C’est qu’elle marche comme une navette, cette prose fluide, entremêlant sans jamais les embrouiller, sur la trame solide d’une histoire aux nœuds romanesques solides, où foisonnent des personnages, même secondaires, aussi pittoresques, vivants, aussi inoubliables que Scrooge ou Marley ou le chétif Bob Cratchit dans A Christmas Carol de Dickens (1843), les fils de dialogues à partenaires multiples mais écrits en continuité sur la même ligne, ou parfois détachés, comme au théâtre, avec indication conjointe du nom du locuteur, et ceux, plus fréquemment appelés sur le métier, de sentences généralisantes ou d’opinions qui ne sont attribuables à quelqu’un de présent – discours réel ou intérieur – qu’après coup, voire jamais.

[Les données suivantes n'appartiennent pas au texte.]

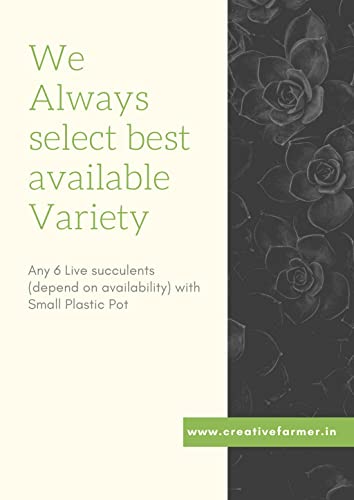 OhhSome Indoor Plant Live Assorted Succulent (Pack Of 6) Low Light Plants - Gardening|Home Decoration|Hanging Basket (Healthy Plant)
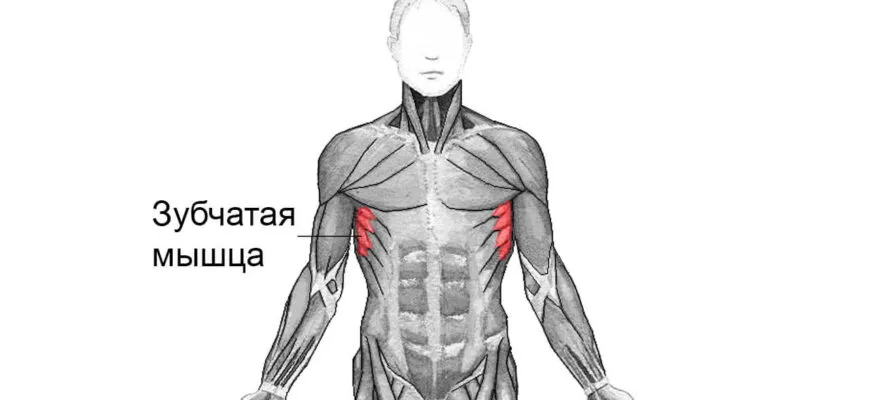 Передняя зубчатая мышца: анатомия, функции и лучшие упражнения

Quand on ne sait d’où viennent les séries de fils qui se croisent, par exemple lorsqu’il est question de l’état lamentable des relations sociales à une époque où l’Islande, encore rattachée comme quasi-colonie au royaume de Danemark (depuis 1380), n’était guère qu’un noirâtre comptoir septentrional où les armateurs de Copenhague entretenaient une clientèle de gros commerçants locaux pressurant le bas peuple, on peut se demander si là perce la véritable voix narrative du texte. Mais rien n’est moins sûr. Car il se pourrait aussi bien que les trois femmes à qui ce roman en trois volets, si profondément féministe, est dédié, fassent partie intégrante – au moins les deux premières, dont les dates de mort sont indiquées – de ce tissu de voix disparues, si verlainiennes, qui se frôlent l’une l’autre en une mystérieuse symphonie de douceur et se mêlent à celles, innombrables, montées de l’indistinct passé d’un petit peuple misérable et fier.
Un peuple cultivé en ses provinces les plus reculées, plongé dans les ténèbres une partie de l’année, fou de soleil et de jouissance, que magnifie Stefánsson en un bouquet capiteux de beautés formelles sans aucun équivalent actuel, sous réserve de meilleur inventaire.